Powers and Limitations on Powers

Section 1. This corporation shall have all the powers and authority as are now or may hereafter be granted to corporations not for profit under the laws of the State of Florida.

Section 2. No part of the net earnings shall inure to the benefit of any individual, and no substantial part of its activities shall be for the carrying out of a program of propaganda or otherwise attempting to influence legislation. The corporation shall not carry on any activities not permitted to be carried on by an organization exempt from federal income taxation under Section 501(c)(3) of the Internal Revenue Code of 1954 (or corresponding provisions of any subsequent revenue laws) or by any organization contributions to which are deductible under Section 170(c)(2) of the Internal Revenue Code of 1954 (or corresponding provisions of any subsequent revenue laws).

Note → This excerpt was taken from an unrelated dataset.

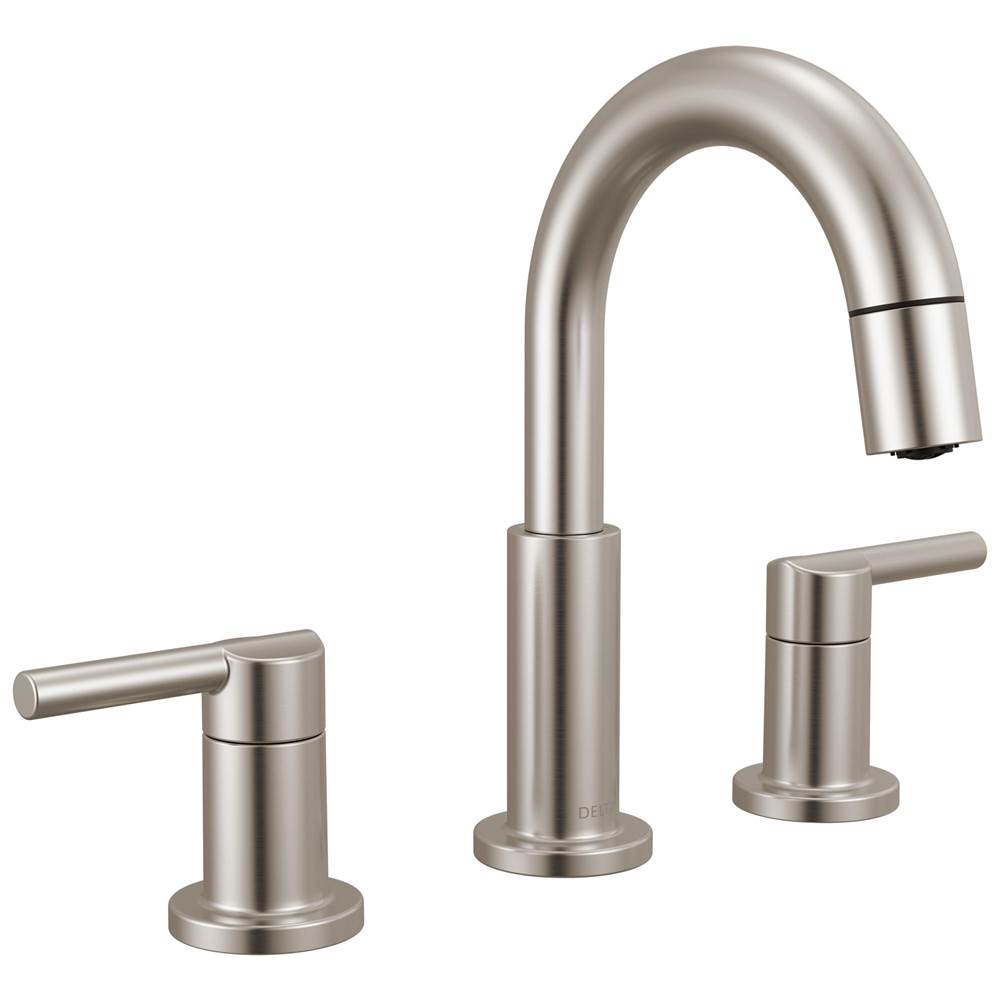 DELTA FAUCET Delta Faucet 35749LF-SSPD Nicoli Pull-Down Spout 8 in. Widespread Double Handle Bathroom Faucet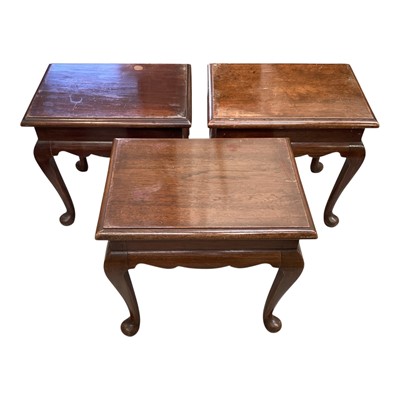 Lot 5304 - Set of six mahogany low side tables with rectangular tops, on cabriole legs, with matching coffee table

The corporation shall have no capital stock, pay no dividends, distribute no part of the income to its members, directors, or officers, and the private property of the subscribers, members, directors, and officers shall not be liable for the debts of the corporation. The Corporation shall not have the power to convey, lease, pledge, or otherwise encumber assets of the State of Florida.

ARTICLE V

Incorporators

The name and residence of each incorporator is as follows:

NAME

ADDRESS

Bernard F. Sliger

3341 E. Lakeshore Drive Tallahassee, FL 32312

Robert M. Johnson

306 Saratoga Drive Tallahassee, FL 32312

ARTICLE VI

Membership

Section 1. The membership of this corporation shall consist of persons who are interested in the scientific and educational purposes of the corporation and who meet such additional qualifications as may be prescribed in the bylaws of this corporation. Qualified persons shall become members of the corporation upon approval or acceptance in any manner authorized by the Board of Directors.

Section 2. The voting and other rights and privileges of members and the provisions for termination of membership shall be as set forth in the bylaws of this corporation.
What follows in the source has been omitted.